Data records:

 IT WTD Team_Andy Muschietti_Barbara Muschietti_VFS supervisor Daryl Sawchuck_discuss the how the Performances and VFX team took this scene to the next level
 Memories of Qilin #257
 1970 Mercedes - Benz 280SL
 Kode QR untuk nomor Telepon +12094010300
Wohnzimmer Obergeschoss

---

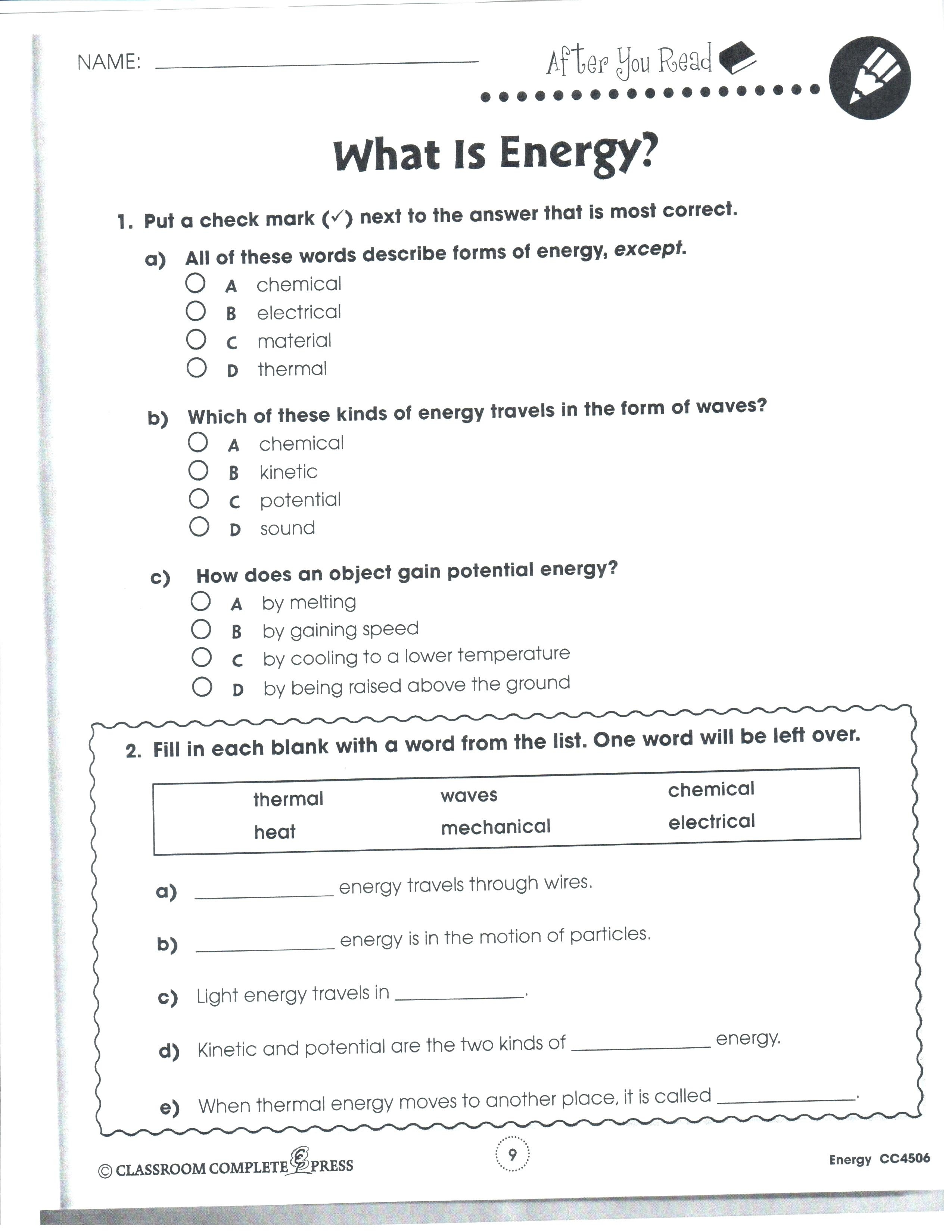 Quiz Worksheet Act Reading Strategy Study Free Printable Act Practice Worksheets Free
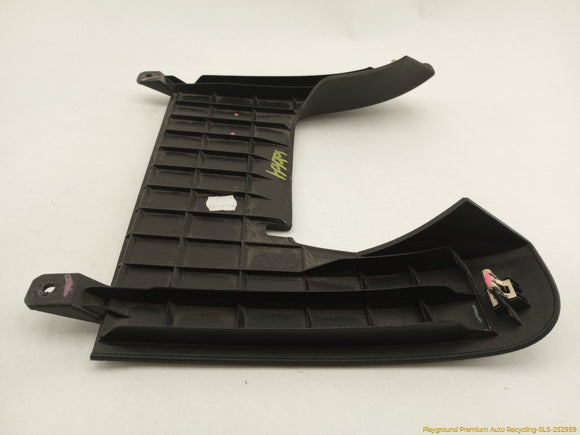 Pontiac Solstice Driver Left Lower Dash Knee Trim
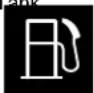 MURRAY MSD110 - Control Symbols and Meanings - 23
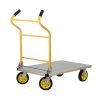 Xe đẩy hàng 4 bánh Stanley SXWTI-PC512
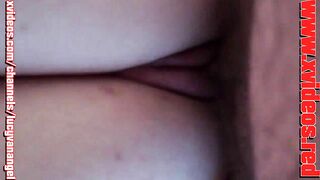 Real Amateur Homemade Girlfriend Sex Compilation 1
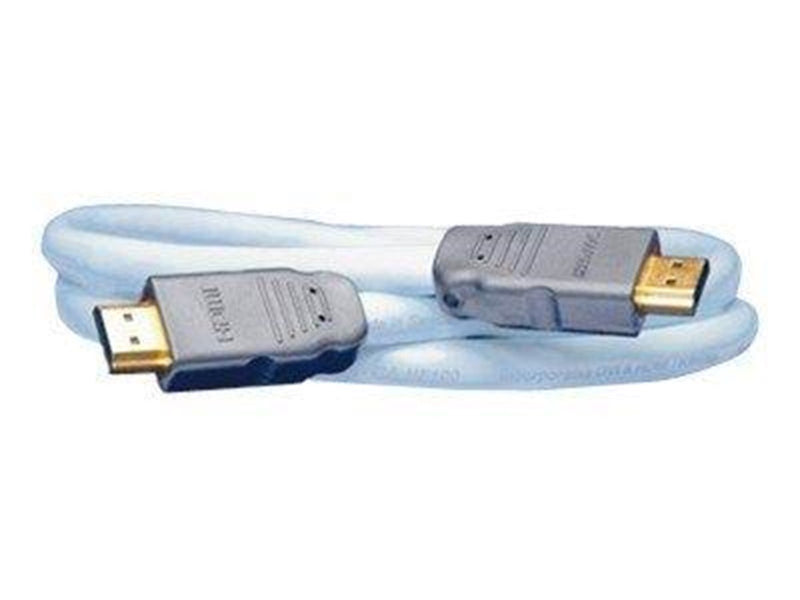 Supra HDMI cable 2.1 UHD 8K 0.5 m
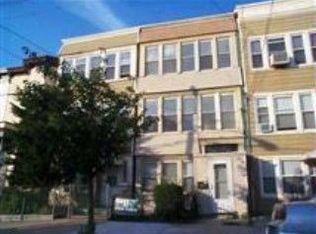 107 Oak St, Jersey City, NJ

What to work on:
Take exactly the lines from the one containing "1970 Mercedes - Benz 280SL" through the one containing "Wohnzimmer Obergeschoss" in the data above, and output them with nothing added.

Written solution:
 1970 Mercedes - Benz 280SL
 Kode QR untuk nomor Telepon +12094010300
Wohnzimmer Obergeschoss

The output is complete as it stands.